News / Opinion / Columns

Pitts: Don’t let the doorknob hit’cha on the way out

By Leonard Pitts Jr.
Published: November 16, 2020, 6:03am

Dear Price Wallace:

There was a time I would have reasoned with you. There was a time I might even have pleaded.

Back then, I’d have been shocked and appalled to see a Mississippi state lawmaker advocate secession from the Union as you did in a Twitter exchange with former state representative Robert Foster a few hours after the presidential election was called for Joe Biden.

As reported by Ashton Pittman of the Mississippi Free Press, Foster was going on about how Republicans will eventually accept the results of the 2020 election, but Democrats would “riot and burn their own cities to the ground” rather than accept a GOP victory.

That’s when you chimed in. “We need to succeed (sic) from the union and form our own country,” you said.

You’ve since apologized, saying you would “never support” what you had just supported.
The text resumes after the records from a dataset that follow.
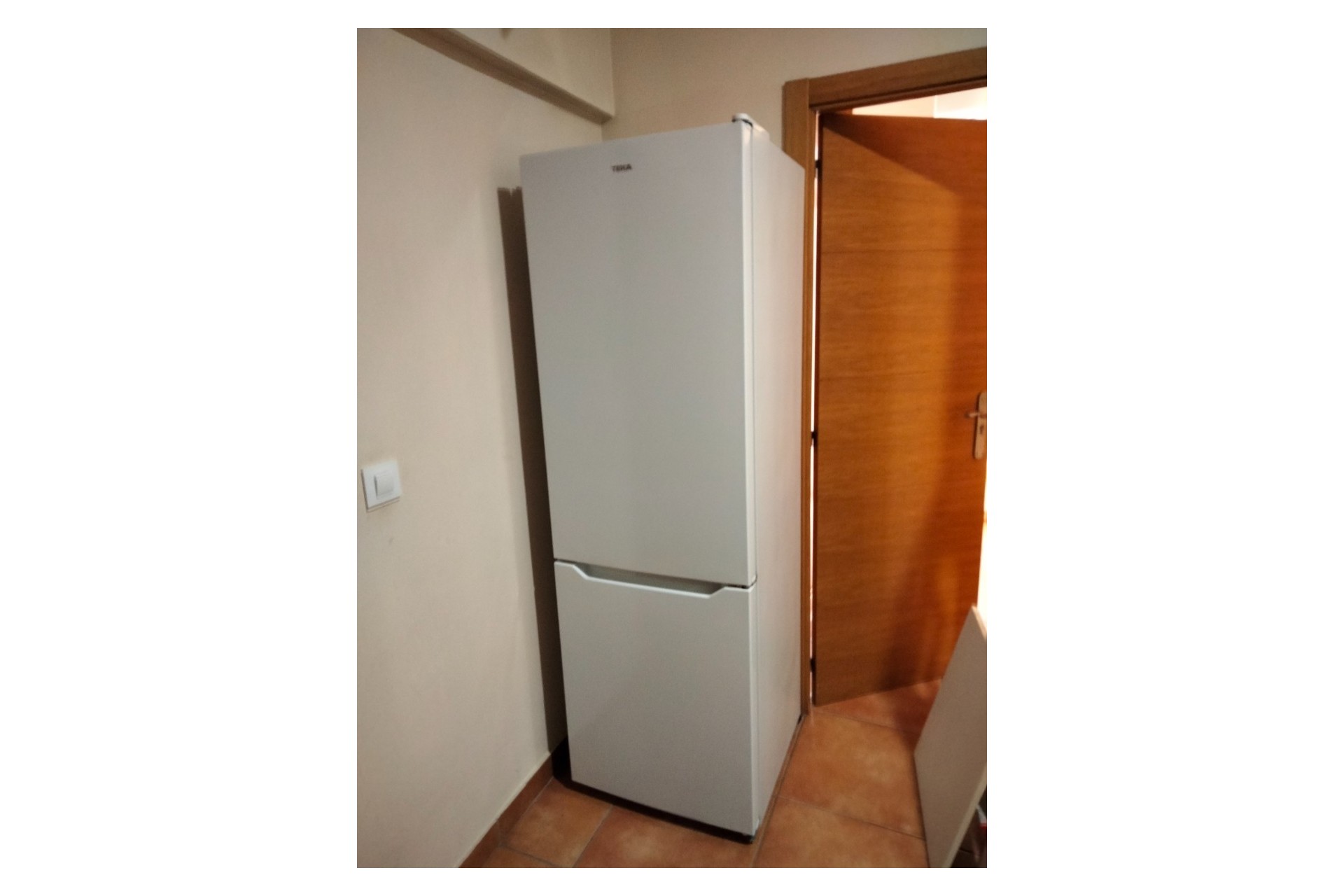 Herverkoop - Commercial - Alicante - Casco antiguo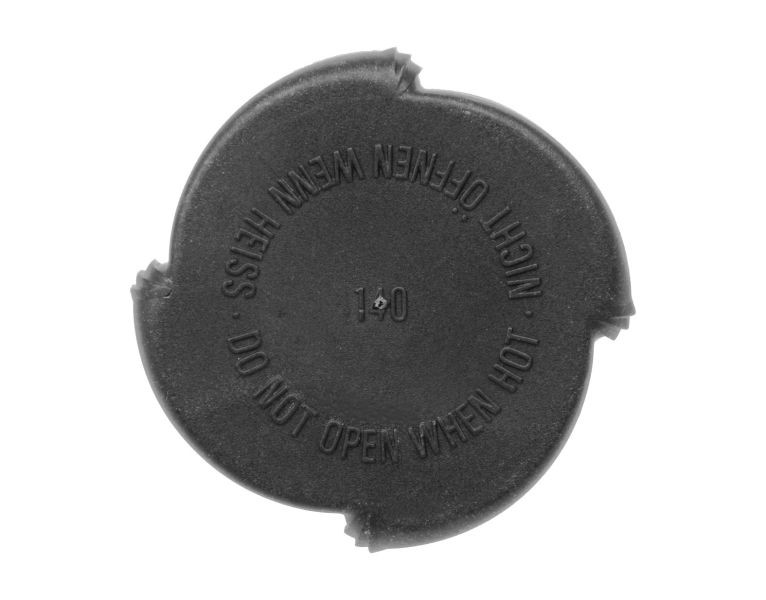 2x ✅Fits MEYLE 314 800 9005 Cover, plenum chamber 314 800 9005 Coola ⭐UK Seller⭐
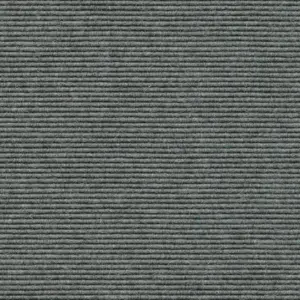 Interland - 649 - Kies Teppichfliese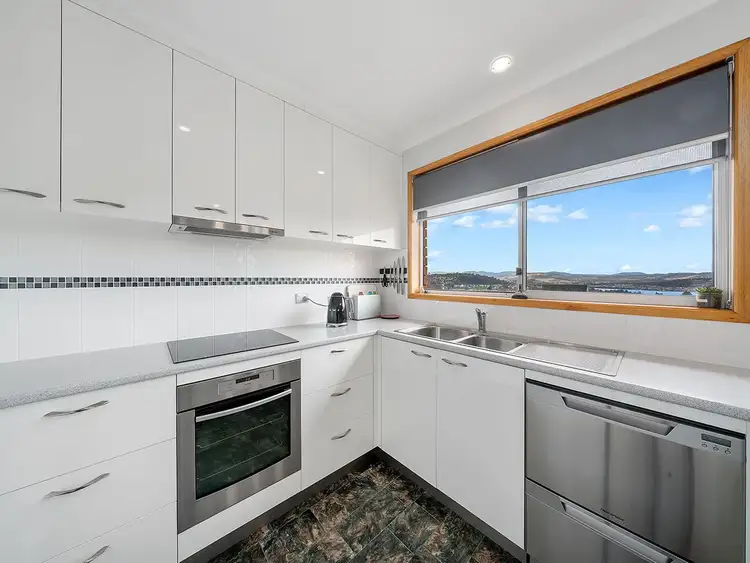 Fourth view of Homely house listing, 97 Branscombe Road, Claremont TAS 7011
You’ll forgive me if I’m not persuaded.

Besides, in one sense, it doesn’t matter much if you secede by force of arms as your forebears tried, with such spectacular unsuccess, almost 160 years ago.

A case can be made that, in withdrawing from the unspoken covenants that make America America — for instance, refusing to promptly accept unfavorable election results — you and your ideological kin have already split from this country.

To which I can only respond: Bye-bye. Agitate the gravel. See ya in the funny papers. As we used to say in my neighborhood, don’t let the doorknob hit’cha where the good Lord split’cha.

There was a time I would never have said that. But your party’s coarseness, its avoidance of reality, its intellectual incontinence, have hardened me. Navigating its nonstop nonsense, its situational morality and constant appeals to our lowest selves, has required me to be colder toward folks like you than ever before.

I don’t mind telling you, I miss who I used to be.

That guy would have noted, as he did in this space in 2009 when then-Texas Gov. Rick Perry used the “s” word, that country should be “that which pulls us back together after everything else — politics, race, religion — has conspired to pull us apart.”

But where he said that, I say this:

Some of us are not terrorized by the specter of demographic change. If you are, there’s the door.

Some of us are trying to build an inclusive democracy where everyone has a voice and every voice is respected. If you aren’t, get to stepping.

Some of us are eager to address income inequality, climate change and systemic economic, cultural and police violence against marginalized peoples. If you aren’t, take a hike.

The Rockefeller Institute of Government reports that your state contributes just $18.6 billion a year to the federal treasury, yet receives from federal coffers some $37.5 billion. If you can find a better deal, by all means take it.

And, not for nothing, but some of us want to improve our schools so that every graduate can “succeed” at spelling “secede.” If you don’t, well . . . adios, arrivederci, au revoir.

Your friend Mr. Foster worries about Democrats burning cities. But here’s the thing: When you burn stone and glass, the damage is readily repaired. Remember the Minneapolis Target store that was wrecked in last summer’s uprising? Well, it’s already back up and running.

People like you and Foster, though, are burning more than stone and glass. You’re burning the country, your rhetoric, your rejection of covenant razing to the ground the principles and ideals that make America worth loving.

The damage that mob did to Target is just a memory now. The damage you’re doing to America will be with us for a while.